The U.S. Food and Drug Administration issued a Request for Information (RFI) on January 21 regarding labeling and preventing cross-contact of gluten in packaged foods. FDA aims to improve transparency in the disclosures of ingredients that impact certain health conditions, such as gluten for those with celiac disease, and other established food allergens.

FDA is seeking information on adverse reactions due to "ingredients of interest" [i.e., non-wheat gluten-containing grains (GCGs), such as rye and barley, as well as oats due to cross-contact with GCGs] and on labeling issues or concerns with identifying these ingredients of interest on packaged food products in the U.S.

The agency has received a citizen petition on the matter and has reviewed available data and reports, including the most recent reports by the Food and Agriculture Organization of the United Nations (FAO) expert consultation. FDA's review of this information indicates that there are several serious data gaps limiting the agency's ability to fully evaluate the public health importance of these ingredients, which include limited U.S. data on adverse reactions to ingredients of interest.

FDA is seeking detailed information on these ingredients including:

• The prevalence of products where rye or barley are not currently disclosed
• Information on the severity of and potency of immunoglobulin E-mediated food allergy to rye and barley
• Concerns around the gluten content of oats due to cross-contact
• Other questions related to these issues.  
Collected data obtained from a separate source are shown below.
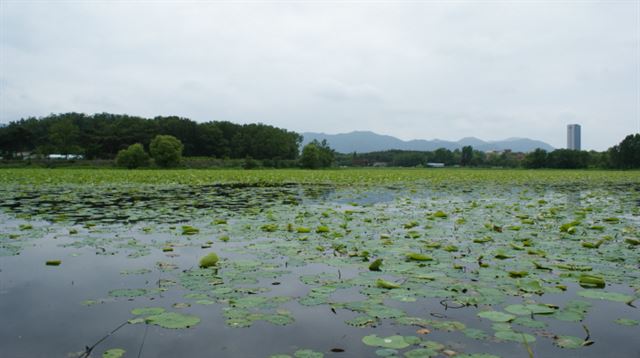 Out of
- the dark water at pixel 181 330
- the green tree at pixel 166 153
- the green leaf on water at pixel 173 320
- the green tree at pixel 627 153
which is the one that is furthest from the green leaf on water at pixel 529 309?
the green tree at pixel 627 153

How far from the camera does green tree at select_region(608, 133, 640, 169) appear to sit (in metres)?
55.9

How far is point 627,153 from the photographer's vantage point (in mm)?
56562

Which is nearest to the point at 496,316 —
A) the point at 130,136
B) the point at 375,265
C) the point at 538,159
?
the point at 375,265

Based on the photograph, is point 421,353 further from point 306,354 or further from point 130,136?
point 130,136

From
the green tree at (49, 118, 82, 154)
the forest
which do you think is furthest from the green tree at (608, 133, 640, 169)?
the green tree at (49, 118, 82, 154)

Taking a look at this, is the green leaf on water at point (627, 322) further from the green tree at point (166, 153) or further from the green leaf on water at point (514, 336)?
the green tree at point (166, 153)

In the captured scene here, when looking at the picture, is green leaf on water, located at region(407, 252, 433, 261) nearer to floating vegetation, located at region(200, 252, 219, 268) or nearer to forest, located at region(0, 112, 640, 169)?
floating vegetation, located at region(200, 252, 219, 268)

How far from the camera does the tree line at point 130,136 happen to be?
6231cm


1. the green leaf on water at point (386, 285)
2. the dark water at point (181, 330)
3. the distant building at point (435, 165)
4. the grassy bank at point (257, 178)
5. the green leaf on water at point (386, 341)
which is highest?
the distant building at point (435, 165)

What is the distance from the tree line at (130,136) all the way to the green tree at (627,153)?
48317 millimetres

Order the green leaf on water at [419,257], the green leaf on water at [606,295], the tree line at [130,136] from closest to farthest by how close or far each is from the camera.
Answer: the green leaf on water at [606,295], the green leaf on water at [419,257], the tree line at [130,136]

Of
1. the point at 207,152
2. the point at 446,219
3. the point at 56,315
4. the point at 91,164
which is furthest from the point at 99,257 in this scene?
the point at 207,152

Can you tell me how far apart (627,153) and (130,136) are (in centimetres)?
6885

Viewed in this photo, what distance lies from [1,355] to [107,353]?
0.62 metres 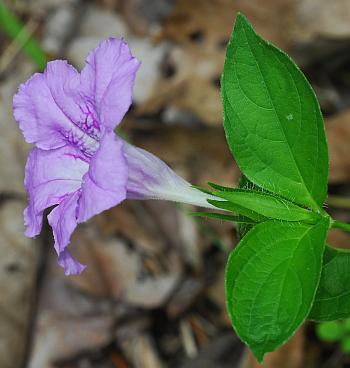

"People with celiac disease or gluten sensitives have had to tiptoe around food, and are often forced to guess about their food options," said FDA Commissioner Marty Makary, M.D., M.P.H. "We encourage all stakeholders to share their experiences and data to help us develop policies that will better protect Americans and support healthy food choices."

FDA intends to use the information to support a determination on the future regulatory actions it should take to better protect consumers with celiac disease. Comments on the RFI can be submitted through the Federal eRulemaking Portal to Docket No. FDA-2023-P-3942. The comment period is open for 60 days.